A morte do cinegrafista Santiago Andrade serve como símbolo de um momento lastimável que o país atravessa. De um lado, o radicalismo de grupos antidemocráticos, de outro a leniência de um governo que não apenas alimenta, como também pratica e propaga, a intolerância, dividindo a nação entre “nós” e “eles”.

O atentado ao cinegrafista – que agonizava desde a quinta-feira passada, quando foi atingido por um rojão disparado por um vândalo black bloc, e ontem teve morte cerebral – merece total condenação e seus responsáveis devem ser exemplarmente punidos. Trata-se de ato de violência explícita, gratuita, deplorável e merecedora de repúdio unânime da sociedade brasileira.

Andrade é a primeira vítima fatal dos protestos que se sucedem no país desde junho do ano passado.

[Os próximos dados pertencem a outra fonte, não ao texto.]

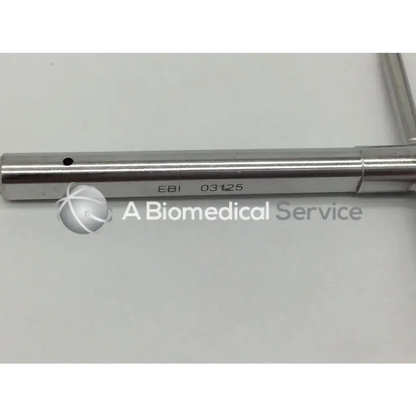 Silver metallic ebi 03125 t-wrench for bone screw with engraved markings and small black dot near one end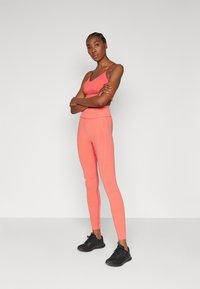 Korall színű sportmelltartó és hozzá illő, magas derekú leggings texturált anyagból, fekete sportcipővel párosítva. Minimális márkázás látható.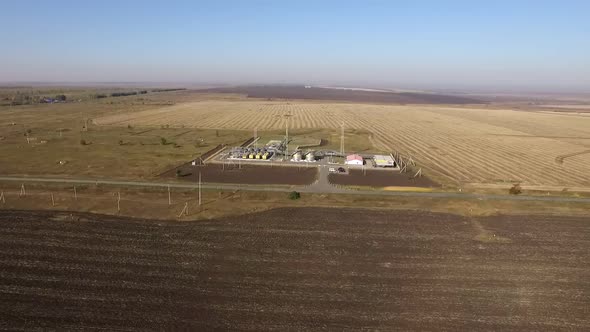 Oil Pumping Station in Field in Russia, Aerial View in Summer Day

Mas sua morte é apenas o 109° caso envolvendo agressões a jornalistas desde então – no total, incluindo profissionais de outros ramos, registra-se 117 ocorrências, de acordo com a Associação Brasileira de Jornalismo Investigativo (Abraji).

Percebe-se que há uma onda de insatisfação se propagando, se manifestando, se avolumando em todo o país. Há manifestações legítimas, democráticas e pacíficas que merecem respeito. Mas há também as que se colocam à margem e em oposição ao Estado democrático de direito. Estas merecem repúdio.

As hordas de vandalismo avançaram ao mesmo tempo em que quem deveria cuidar de reprimi-las foi dando passos para trás, retrocedendo na sua missão de manter a ordem. Neste vácuo, os propagadores da desordem foram tomando espaço, espalhando um clima de insegurança. Com isso, o Brasil que queria manifestar seu desencanto foi acuado.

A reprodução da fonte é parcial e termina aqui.